Tout commence par un sms de ma
tante : ces deux photos et cette courte phrase « ça
t’intéresse ? ».
Photo de la médaille mystérieuse et de
la rosette © Coll. personnelle
Photo de sa boîte © Coll. personnelle
Quoi ? Un objet ayant appartenu à
notre famille ! Je fais un bond sur ma chaise jusqu’à me cogner au plafond !
Bien sûr que ça m’intéresse… mais… heu… c’est quoi, au fait ?
Ma tante m’explique qu’elle
a retrouvé cette boîte au fond de l’un de ses tiroirs, par hasard, et
s’est
dit : « tiens, ça pourrait intéresser Mélanie ».
Pendant un instant, j’ai espéré que
c’était la croix de guerre de mon arrière-grand-père Jean-François Borrat-Michaud, que je suis pas à pas durant la Première Guerre Mondiale (voir le détail de ce projet ici) et que j’aimerais bien voir un jour. Mais rapidement je
distingue sur ladite médaille une femme tenant un enfant. Je pense donc plutôt
à une médaille de la famille. Cependant, n’en ayant jamais vue, je pense tout
d’abord que cela ne semble pas trop correspondre à l’inscription sur la boîte
« Ministère de l’hygiène, de l’assistance et de la prévoyance
sociales ».
Caractéristique de la médaille :
- RUBAN : Largeur de 32 mm. Rouge ponceau avec au centre une
raie verticale vert lumière de 11 mm. Rosette, aux couleurs du ruban, traversée
verticalement d’une bande verte, pour les médailles d’Argent et d’Or. Le
diamètre de la rosette étant respectivement de 18 mm et 27 mm.

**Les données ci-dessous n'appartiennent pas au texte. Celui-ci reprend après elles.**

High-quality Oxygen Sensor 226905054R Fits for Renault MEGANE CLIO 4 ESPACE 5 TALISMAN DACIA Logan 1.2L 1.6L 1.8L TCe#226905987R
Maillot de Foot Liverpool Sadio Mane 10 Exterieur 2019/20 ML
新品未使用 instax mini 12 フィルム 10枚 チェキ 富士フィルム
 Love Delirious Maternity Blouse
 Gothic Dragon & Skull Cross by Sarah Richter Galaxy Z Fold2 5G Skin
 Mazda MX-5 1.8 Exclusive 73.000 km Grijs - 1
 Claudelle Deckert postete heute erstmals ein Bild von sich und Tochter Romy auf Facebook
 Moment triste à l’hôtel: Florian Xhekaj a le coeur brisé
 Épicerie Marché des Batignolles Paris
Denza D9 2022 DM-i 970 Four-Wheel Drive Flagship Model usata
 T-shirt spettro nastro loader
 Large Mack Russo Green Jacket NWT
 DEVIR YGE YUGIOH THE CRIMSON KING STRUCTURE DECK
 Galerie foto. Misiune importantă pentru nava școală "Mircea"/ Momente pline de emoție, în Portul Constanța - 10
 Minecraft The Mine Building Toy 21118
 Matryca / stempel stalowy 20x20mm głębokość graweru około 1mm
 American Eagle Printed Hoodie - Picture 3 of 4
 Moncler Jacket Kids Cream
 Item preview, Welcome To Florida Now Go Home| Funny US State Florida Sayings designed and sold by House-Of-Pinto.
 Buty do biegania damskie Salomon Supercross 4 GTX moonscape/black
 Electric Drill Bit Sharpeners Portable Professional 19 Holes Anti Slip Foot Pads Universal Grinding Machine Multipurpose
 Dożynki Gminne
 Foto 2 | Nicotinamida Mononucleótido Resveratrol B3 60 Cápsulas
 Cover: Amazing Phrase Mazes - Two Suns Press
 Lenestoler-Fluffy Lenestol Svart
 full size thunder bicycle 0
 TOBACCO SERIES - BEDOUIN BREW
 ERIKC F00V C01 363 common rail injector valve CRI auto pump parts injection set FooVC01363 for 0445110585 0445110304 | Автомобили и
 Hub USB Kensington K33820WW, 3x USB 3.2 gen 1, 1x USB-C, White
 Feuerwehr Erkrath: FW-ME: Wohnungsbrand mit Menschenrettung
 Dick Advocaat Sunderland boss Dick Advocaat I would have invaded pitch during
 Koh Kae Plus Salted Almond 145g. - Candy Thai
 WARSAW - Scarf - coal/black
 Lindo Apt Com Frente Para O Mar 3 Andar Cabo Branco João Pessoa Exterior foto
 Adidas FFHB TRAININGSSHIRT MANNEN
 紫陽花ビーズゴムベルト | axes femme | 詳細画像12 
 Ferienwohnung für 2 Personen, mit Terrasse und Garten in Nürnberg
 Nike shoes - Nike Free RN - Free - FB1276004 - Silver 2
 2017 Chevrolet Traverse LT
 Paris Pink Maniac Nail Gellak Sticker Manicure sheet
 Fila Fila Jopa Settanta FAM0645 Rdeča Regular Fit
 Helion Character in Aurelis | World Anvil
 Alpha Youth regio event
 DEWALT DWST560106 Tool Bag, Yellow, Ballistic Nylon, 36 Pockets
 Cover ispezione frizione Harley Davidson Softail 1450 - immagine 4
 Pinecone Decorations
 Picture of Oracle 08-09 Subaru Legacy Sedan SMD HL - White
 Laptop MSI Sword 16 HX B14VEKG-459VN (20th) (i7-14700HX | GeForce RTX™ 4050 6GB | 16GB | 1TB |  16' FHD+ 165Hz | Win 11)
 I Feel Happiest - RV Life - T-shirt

- INSIGNE (« ma » médaille fait partie du premier modèle, ensuite modifié en
1985) : Étoiles à
huit branches en bronze, argent ou or suivant l’échelon et du module de 36 mm,
avec une partie centrale ronde. Gravure de Léon Deschamps (« Léon Deschamps fecit »).
Sur l’avers : l’inscription
FAMILLE FRANÇAISE
entoure une mère portant son enfant.
Sur le revers :
l’inscription LA
PATRIE RECONNAISSANTE [1] surmontant un emplacement destiné à la
gravure du nom du titulaire, est entourée par la légende REPUBLIQUE FRANÇAISE et MINISTERE DE L’HYGIENE.
Je lance une
bouteille à la mer Twitter pour essayer d’en savoir plus. La bouteille
est vite trouvée et j’ai plusieurs pistes à explorer :
- envoyé par @ValdyLyly, sur le site france-phaleristique.com je retrouve le visuel de ma médaille,
signalée "médaille de la famille française". Ma première intuition était bonne.
- envoyé par @gazetteancetres, des infos sur les médaille de la
famille française via Wikipedia. Il n’y a pas d’illustration, mais
des informations complémentaires au premier site, notamment sur l’historique de
ces médailles, les conditions d’obtention et les bénéficiaires potentiels. Or
la médaille d’argent dont je viens d’hériter est attribuée aux familles ayant 6
ou 7 enfants (cf. plus bas) : elle n’a donc pas pu être attribuée à ma
grand-mère Borrat-Michaud qui n’en n’a eu que 5.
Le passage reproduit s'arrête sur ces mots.